- Whitefoord
- Coordinates: 42°25′56″S 147°31′40″E﻿ / ﻿42.4322°S 147.5278°E
- Population: 59 (2016 census)
- Postcode(s): 7120
- Location: 25 km (16 mi) SE of Oatlands
- LGA(s): Southern Midlands
- Region: Central
- State electorate(s): Lyons
- Federal division(s): Lyons
Localities around Whitefoord:
| Baden | Mount Seymour, Stonehenge | Stonehenge |
| Baden, Tunnack | Whitefoord | Stonehenge |
| Tunnack | Tunnack, Woodsdale | Stonehenge |

= Whitefoord, Tasmania =

Whitefoord is a rural locality in the local government area of Southern Midlands in the Central region of Tasmania.

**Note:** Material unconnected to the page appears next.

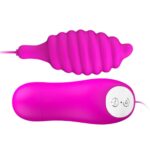 Vibrador Bullet Aveludado com Fio - Imagem 4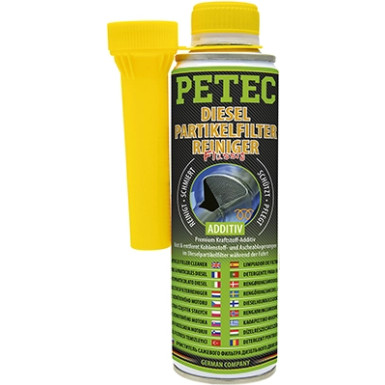 Petec Dieselpartikelfilterreiniger Flüssig 300ml Dieselpartikelfilter Reiniger, DPF Reiniger 80550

It is located about 25 km south-east of the town of Oatlands. The 2016 census determined a population of 59 for the state suburb of Whitefoord.

==History==
Whitefoord was gazetted as a locality in 1972. It may have been named for John Whitefoord, a Police Magistrate in the district in the 1830s.

==Geography==
All boundaries are survey lines.

==Road infrastructure==
The C310 route (Woodsdale Road / Stonehenge Road) enters from the west and runs through to the south-east, where it exits. Route C318 (a continuation of Woodsdale Road) starts at an intersection with C310 and runs south-east until it exits.